Business Articles, Investing, Investment Vehicles

“Exchange Traded Fund” ETF Basics

Many Business professionals would be shocked to find out that a basic Exchange Traded Fund on the NASDAQ, New York Stock Exchange or on Japans 225 funds that make up the Nekkei Index are all either UIT’s or Open-Ended Funds (Mutual Funds). This article’s purpose is meant to identify and educate more executive business leaders about ETF’s you likely see daily listed on TV or on the many Stock exchanges.

Before we are able to begin listing the different key components that make a Exchange Traded Fund. It’s a good idea if I share some basics to help you understand the ETF’s are complex Financial Vehicles.

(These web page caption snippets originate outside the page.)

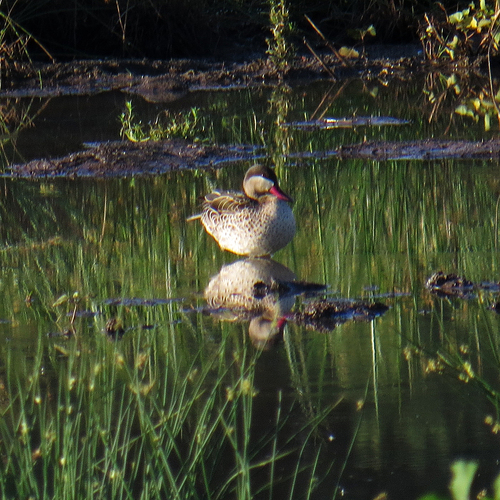 iNaturalist: (c) Deon van der Hoven, some rights reserved (CC BY-NC), uploaded by Deon van der Hoven iNaturalist image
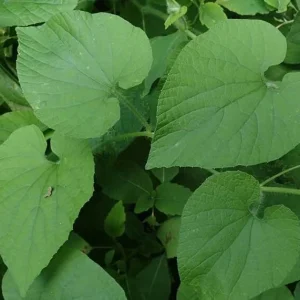 Manchu Tubergourd Vine Live Plant - Edible Roots, Shoots, Red Fruit - USDA 4-9 - Image 6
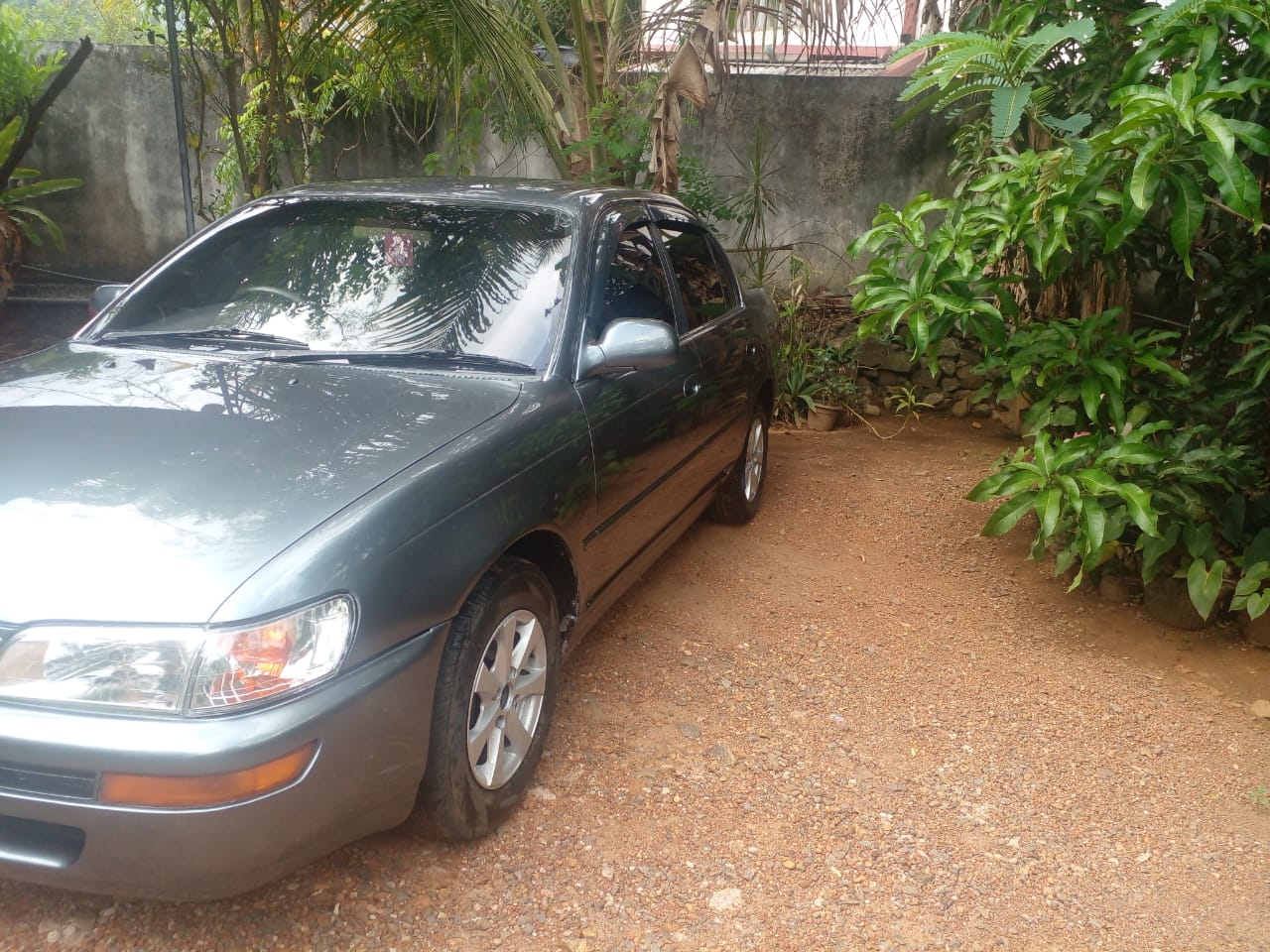 Toyota Corolla 1994 - Used Car sale in Sri Lanka - patpat.lk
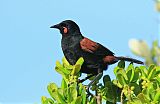 North Island Saddlebackborder=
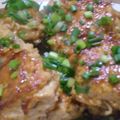 のーべる's cooksnap of when they made もやしたっぷり❤つくねバーグ.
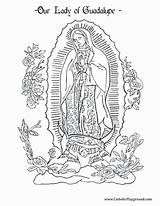 Guadalupe Coloring Virgen Pages Lady Getcolorings Getdrawings Printable sketch template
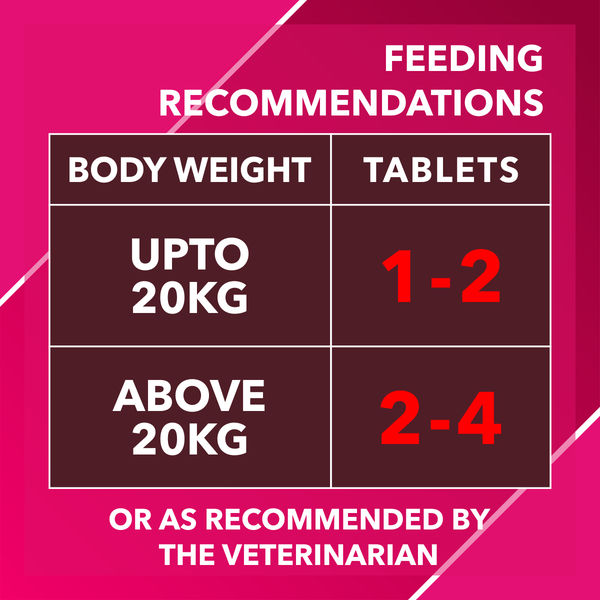 Drools Absolute Skin & Coat Supplement Tablets for Dogs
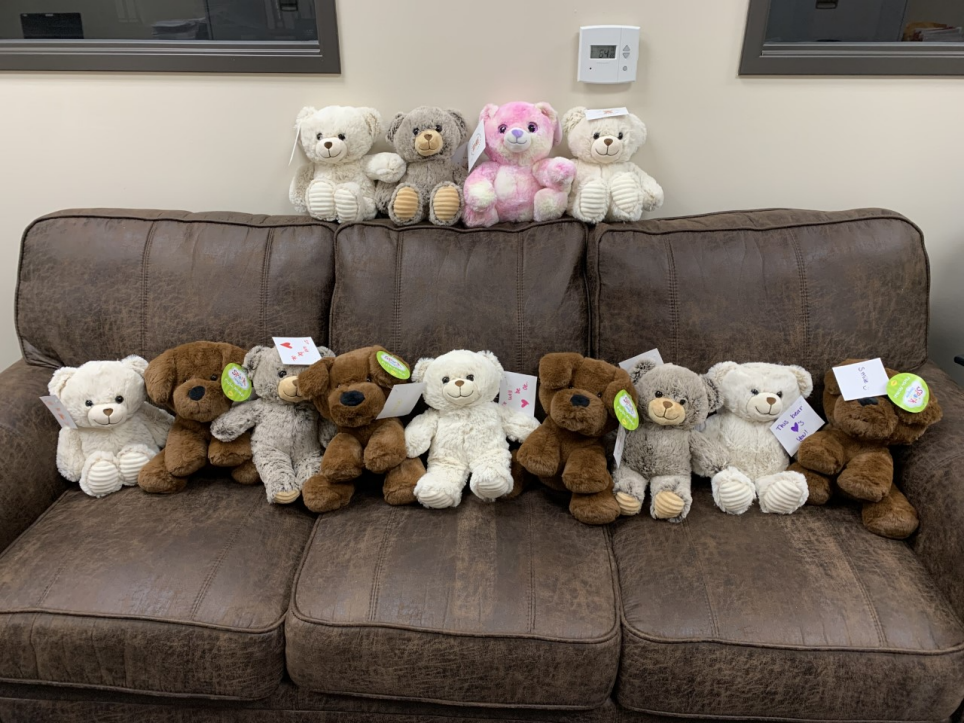 teddy donation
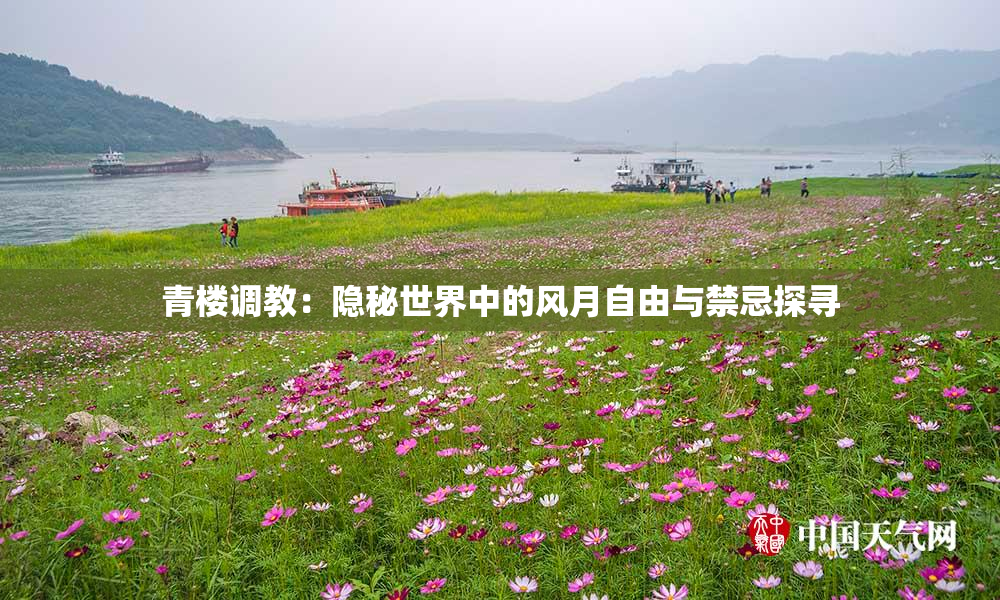 青楼调教：隐秘世界中的风月自由与禁忌探寻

And for today’s article we will be touching on UIT’s, and Open-Ended Funds. Because that is what the majority of ETF’s are! Unit Investment Trusts and Open-Ended Funds. Interesting stuff right? Lets breakdown the basics of UIT’s and Open-Ended Funds.

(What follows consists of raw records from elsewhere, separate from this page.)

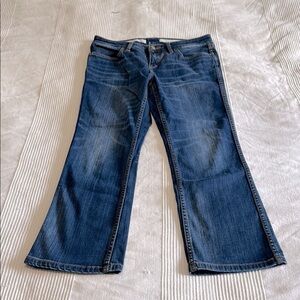 Anthropologie Pilcro and The Letterpress Blue Cropped Flare Stet Jeans Size 28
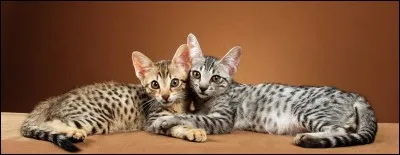 Le chat savannah est obtenu par croisement entre un chat domestique et un ocelot d'Amérique !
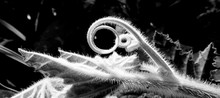 Pumpkin Plant Grows In Garden. Tendrils And Leaves Plant. Black And White Photo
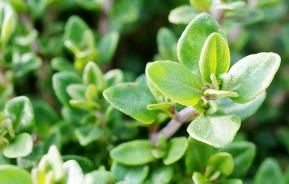 Thyme (Thymus)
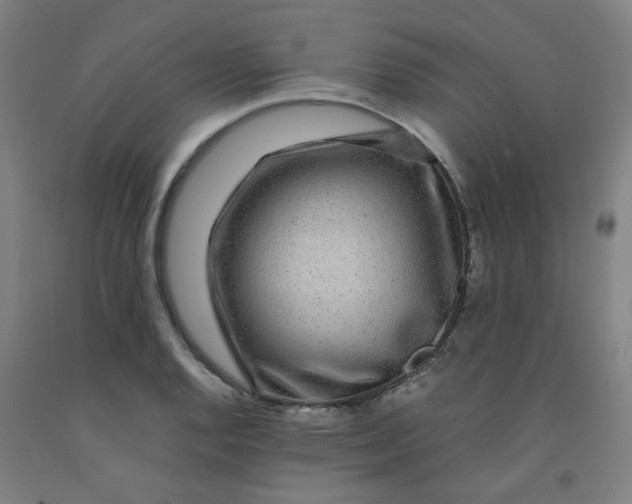 X0000091961128200709271340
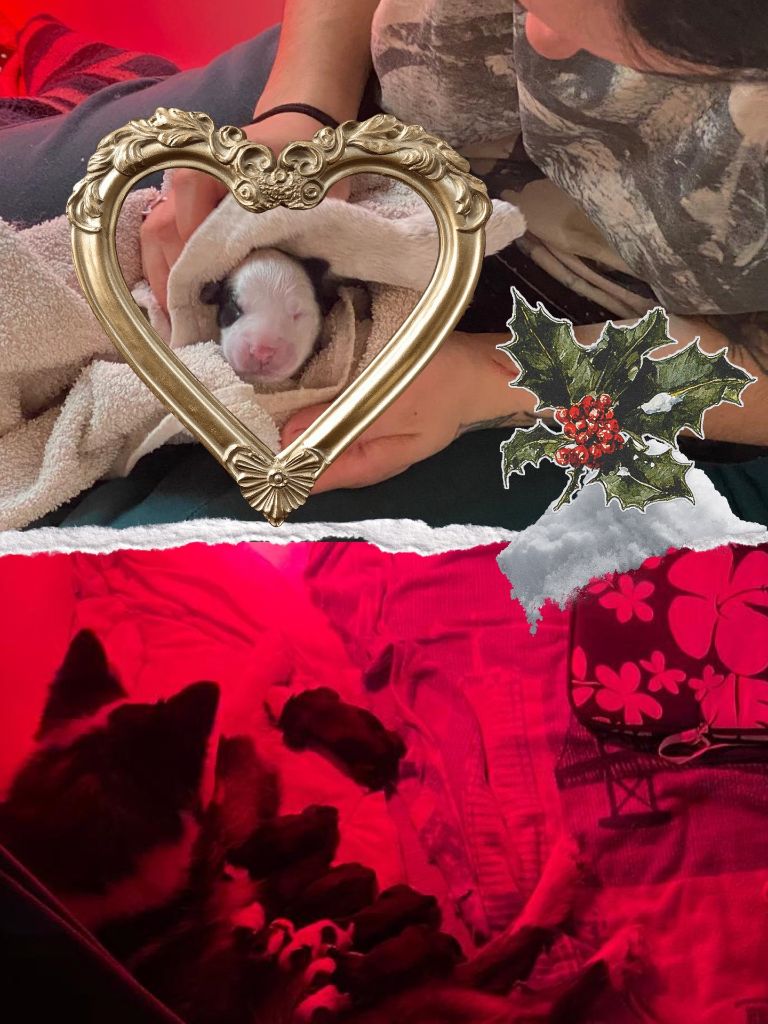 Naissances de décembre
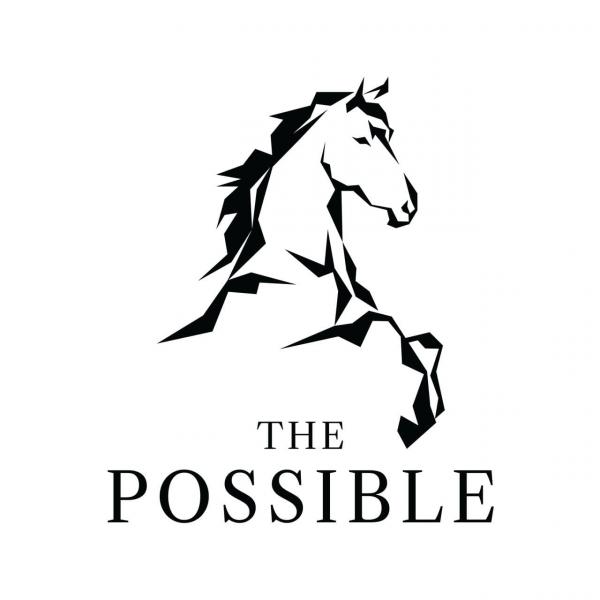 THE POSSIBLE CO., LTD.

Unit Investment Trust “UIT”

What is a Unit Investment Trust? Great question! According to FINRA‘s Website:

“Unit investment trusts, or UITs, fall in the same category as mutual funds and closed-end funds. All three are investment companies, which means they pool money from many investors and invest it based on specific investment goals. The key difference with UITs, however, is once a UIT sets its portfolio, it remains the same for the life of the fund (barring any major corporate events, such as a merger or bankruptcy proceeding) and the term is fixed.”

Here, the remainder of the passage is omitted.